As long as you can turn it on and off, no big deal.

------
Nirvanachan
Is this feature enabled on the beta channel of Chrome builds?

------
toodlebunions
Sounds good, would be better if it's adjustable.

------
DaveSchmindel
So long to listening to Spotify ad-free at work...

------
satyajeet23
Switched to Safari, happier than ever.

------
mzzter
finally~ But I would prefer if background tabs didn't pre-load at all.

------
amerine
Good.

------
_Codemonkeyism
YES!

------
logicallee
I would like to see Chrome utilize what I think is the right solution for
loading background tabs; I would like it to let you (when you want to) rather
than OPEN a background tab, only ENQUEUE a background tab -- opening it only
when that tab becomes active, meanwhile keeping it in the status of an
"enqueued" (i.e. barebones) tab with that URL in the tabs menu until you
actually make it active or it becomes active the way any other tab would, at
which point it loads - in other words a lighter kind of background tab that
does not load at all until it becomes active.[1]

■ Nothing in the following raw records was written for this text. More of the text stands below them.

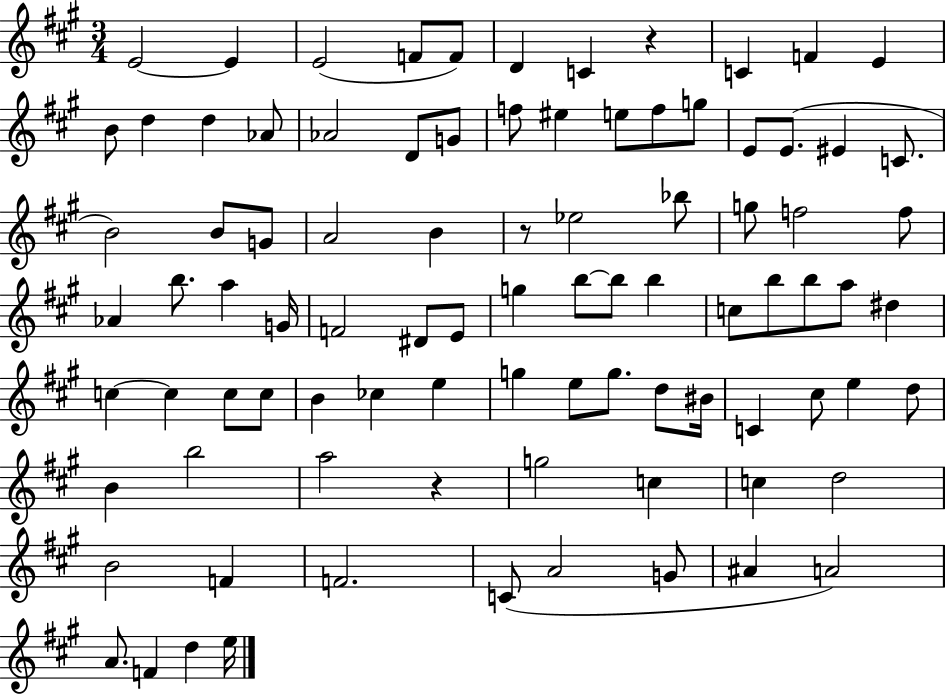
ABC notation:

X:1
T:Untitled
M:3/4
L:1/4
K:A
E2 E E2 F/2 F/2 D C z C F E B/2 d d _A/2 _A2 D/2 G/2 f/2 ^e e/2 f/2 g/2 E/2 E/2 ^E C/2 B2 B/2 G/2 A2 B z/2 _e2 _b/2 g/2 f2 f/2 _A b/2 a G/4 F2 ^D/2 E/2 g b/2 b/2 b c/2 b/2 b/2 a/2 ^d c c c/2 c/2 B _c e g e/2 g/2 d/2 ^B/4 C ^c/2 e d/2 B b2 a2 z g2 c c d2 B2 F F2 C/2 A2 G/2 ^A A2 A/2 F d e/4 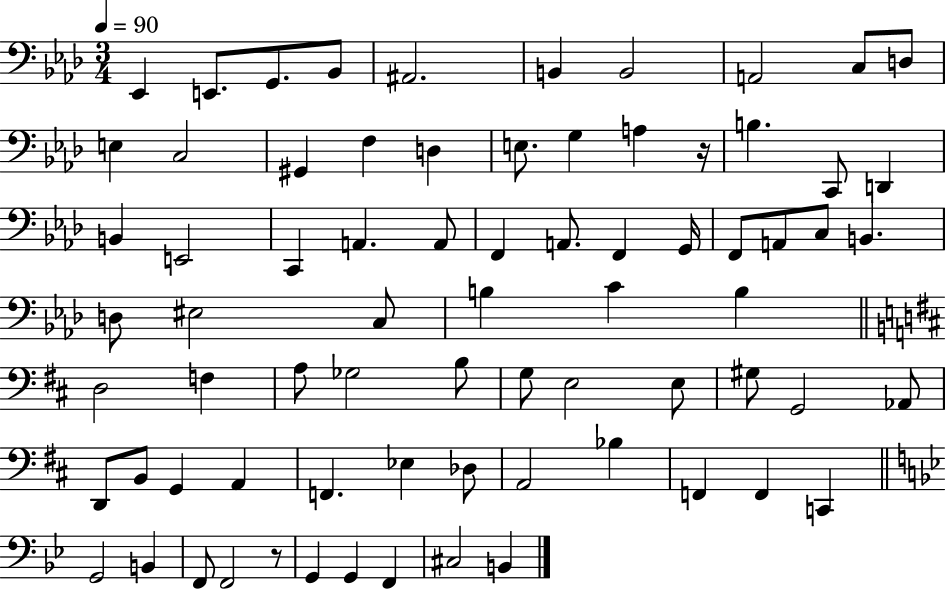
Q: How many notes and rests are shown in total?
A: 74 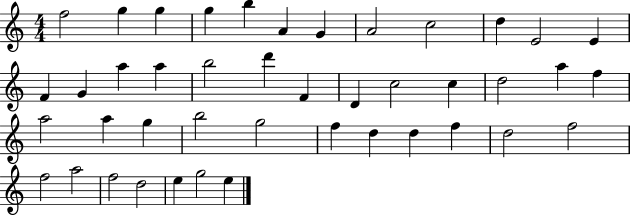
X:1
T:Untitled
M:4/4
L:1/4
K:C
f2 g g g b A G A2 c2 d E2 E F G a a b2 d' F D c2 c d2 a f a2 a g b2 g2 f d d f d2 f2 f2 a2 f2 d2 e g2 e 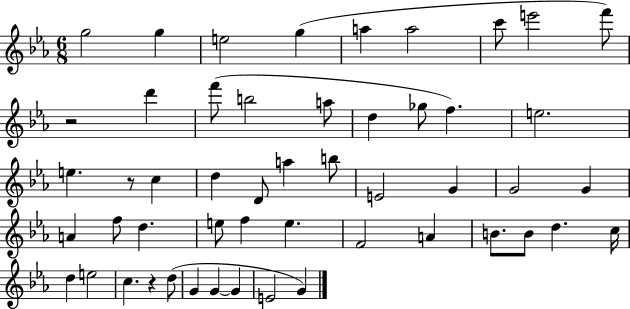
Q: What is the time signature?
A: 6/8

If this were implemented then finally I could open 120 tabs in a window for a
detailed query (and they're not all loaded, there's zero overhead), then after
11 minutes of reading a few of those tabs, closing the ones I've read and
having others load in their place if they weren't already loaded, be left with
87 unopened tabs with which I could close, since I've learned everything there
is to know about that subject and I don't feel the need to read the rest
anymore: I feel I've found the answer.

As it stands I can become an expert in any subject accessible in a day or two,
in twenty minutes - unless, as sometimes happens, Chrome gets in my way. I can
do it by opening them in background tabs today - but Chrome will both slow
down and also be at high risk of crashing completely, not just in the window
I'm in but all windows. Because at the moment even the 99th background tab,
which I want to open so as to potentially glance at, actively, fully loads
even if I close that window before I ever want to glance at it.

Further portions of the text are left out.